Directions for this task: All entries below are to be retyped in full, precisely as they appear.

Short text fragments from websites:
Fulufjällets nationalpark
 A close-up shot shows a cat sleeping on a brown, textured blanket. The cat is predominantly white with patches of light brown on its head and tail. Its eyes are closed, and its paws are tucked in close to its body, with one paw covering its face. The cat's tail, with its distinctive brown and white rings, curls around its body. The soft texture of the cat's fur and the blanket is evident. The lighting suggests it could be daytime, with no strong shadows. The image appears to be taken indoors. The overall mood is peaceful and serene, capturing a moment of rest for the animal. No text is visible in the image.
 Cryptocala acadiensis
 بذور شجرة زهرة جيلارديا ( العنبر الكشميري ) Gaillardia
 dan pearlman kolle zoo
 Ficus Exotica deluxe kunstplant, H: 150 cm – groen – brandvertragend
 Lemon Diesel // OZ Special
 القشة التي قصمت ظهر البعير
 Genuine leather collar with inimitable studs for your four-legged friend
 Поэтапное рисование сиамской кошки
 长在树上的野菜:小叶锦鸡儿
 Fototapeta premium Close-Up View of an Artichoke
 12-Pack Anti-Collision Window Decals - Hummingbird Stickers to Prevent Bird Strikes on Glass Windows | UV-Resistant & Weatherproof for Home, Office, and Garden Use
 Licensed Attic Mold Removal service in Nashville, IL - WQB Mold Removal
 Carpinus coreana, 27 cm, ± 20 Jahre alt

Exercise result:
Fulufjällets nationalpark
 A close-up shot shows a cat sleeping on a brown, textured blanket. The cat is predominantly white with patches of light brown on its head and tail. Its eyes are closed, and its paws are tucked in close to its body, with one paw covering its face. The cat's tail, with its distinctive brown and white rings, curls around its body. The soft texture of the cat's fur and the blanket is evident. The lighting suggests it could be daytime, with no strong shadows. The image appears to be taken indoors. The overall mood is peaceful and serene, capturing a moment of rest for the animal. No text is visible in the image.
 Cryptocala acadiensis
 بذور شجرة زهرة جيلارديا ( العنبر الكشميري ) Gaillardia
 dan pearlman kolle zoo
 Ficus Exotica deluxe kunstplant, H: 150 cm – groen – brandvertragend
 Lemon Diesel // OZ Special
 القشة التي قصمت ظهر البعير
 Genuine leather collar with inimitable studs for your four-legged friend
 Поэтапное рисование сиамской кошки
 长在树上的野菜:小叶锦鸡儿
 Fototapeta premium Close-Up View of an Artichoke
 12-Pack Anti-Collision Window Decals - Hummingbird Stickers to Prevent Bird Strikes on Glass Windows | UV-Resistant & Weatherproof for Home, Office, and Garden Use
 Licensed Attic Mold Removal service in Nashville, IL - WQB Mold Removal
 Carpinus coreana, 27 cm, ± 20 Jahre alt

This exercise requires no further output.